Here in the "Golden Triangle" west of Boston, the proposed Natick Mall expansion is planned as a more-of-the-same-old enclosed shopping mall experience, sited in a particularly pedestrian unappealing way surrounded, of course, by a vast sea of asphalt. Even existing retailers in the space are complaining that the plan to build a separate addition is pedestrian-hostile, offering a potentially dangerous and certainly off-putting way of getting from the new to old shopping areas.
Elsewhere in America, though, the big trend is away from enclosed malls in favor of so-called "lifestyle centers" -- an open-air shopping experience that tries to create a town-square-like "sense of place" and ambiance that encourages strolling and lingering.
Owners of Virginia's Spotsylvania Mall, for example, are mulling renovation plans that call for an open-air addition with "new shops, as well as restaurants, a hotel and an 18-screen movie theater," according to the Free Lance-Star. (There's a major movie theater right next to the Natick Mall, down Flutie Pass. It is within walking distance.
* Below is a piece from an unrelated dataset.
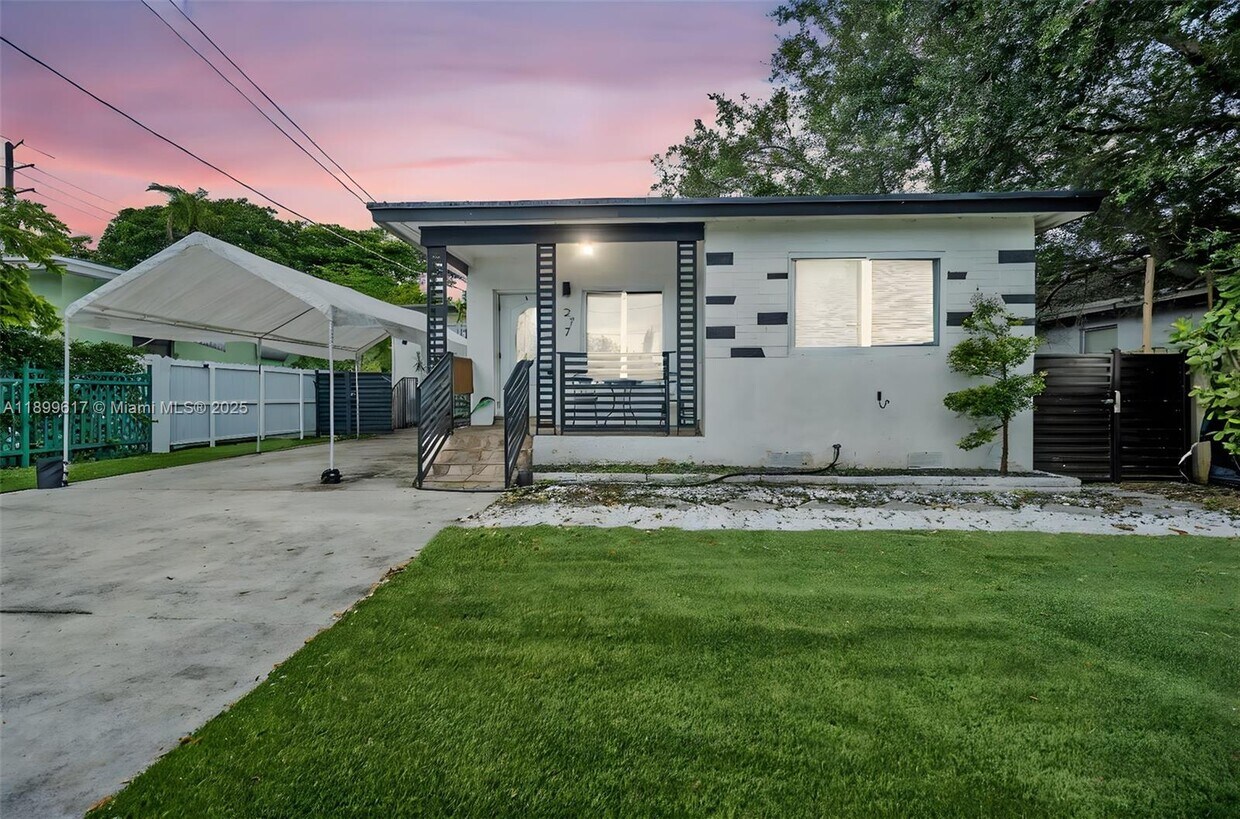 Primary Photo - 277 NW 48th St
NO ONE would walk there from the mall because of the dangerous road crossings and hideously unappealing route.)
Another new lifestyle center planned for Arkansas has already attracted Saks as an anchor tennant, says the Benton County Record. "Pleasant Crossing ... is being planned as an open-air village with pedestrian-friendly shops and restaurants surrounding a 7-acre lake."
Why are we still getting mid-20th-century plans here?